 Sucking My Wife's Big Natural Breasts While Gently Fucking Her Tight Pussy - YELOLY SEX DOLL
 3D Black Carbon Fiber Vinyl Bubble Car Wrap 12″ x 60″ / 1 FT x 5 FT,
* * *
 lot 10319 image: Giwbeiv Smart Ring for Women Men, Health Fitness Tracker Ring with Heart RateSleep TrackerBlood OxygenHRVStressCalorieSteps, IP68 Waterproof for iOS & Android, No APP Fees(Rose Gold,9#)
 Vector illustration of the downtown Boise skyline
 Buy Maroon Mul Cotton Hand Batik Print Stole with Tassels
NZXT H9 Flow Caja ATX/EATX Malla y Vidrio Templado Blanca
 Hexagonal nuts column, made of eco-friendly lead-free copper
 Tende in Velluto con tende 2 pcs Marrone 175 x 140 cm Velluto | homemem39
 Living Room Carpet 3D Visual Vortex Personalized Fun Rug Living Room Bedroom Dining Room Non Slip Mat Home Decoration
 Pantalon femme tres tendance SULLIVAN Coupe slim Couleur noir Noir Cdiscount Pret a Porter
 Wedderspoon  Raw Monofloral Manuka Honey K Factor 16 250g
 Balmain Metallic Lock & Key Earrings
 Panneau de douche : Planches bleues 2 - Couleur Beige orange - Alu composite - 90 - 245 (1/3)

Exercise aim:
Your answer must consist solely of the lines above between the line holding "Vector illustration of" and the line holding "Panneau de douche", inclusive, copied exactly.

Result of this task:
 Vector illustration of the downtown Boise skyline
 Buy Maroon Mul Cotton Hand Batik Print Stole with Tassels
NZXT H9 Flow Caja ATX/EATX Malla y Vidrio Templado Blanca
 Hexagonal nuts column, made of eco-friendly lead-free copper
 Tende in Velluto con tende 2 pcs Marrone 175 x 140 cm Velluto | homemem39
 Living Room Carpet 3D Visual Vortex Personalized Fun Rug Living Room Bedroom Dining Room Non Slip Mat Home Decoration
 Pantalon femme tres tendance SULLIVAN Coupe slim Couleur noir Noir Cdiscount Pret a Porter
 Wedderspoon  Raw Monofloral Manuka Honey K Factor 16 250g
 Balmain Metallic Lock & Key Earrings
 Panneau de douche : Planches bleues 2 - Couleur Beige orange - Alu composite - 90 - 245 (1/3)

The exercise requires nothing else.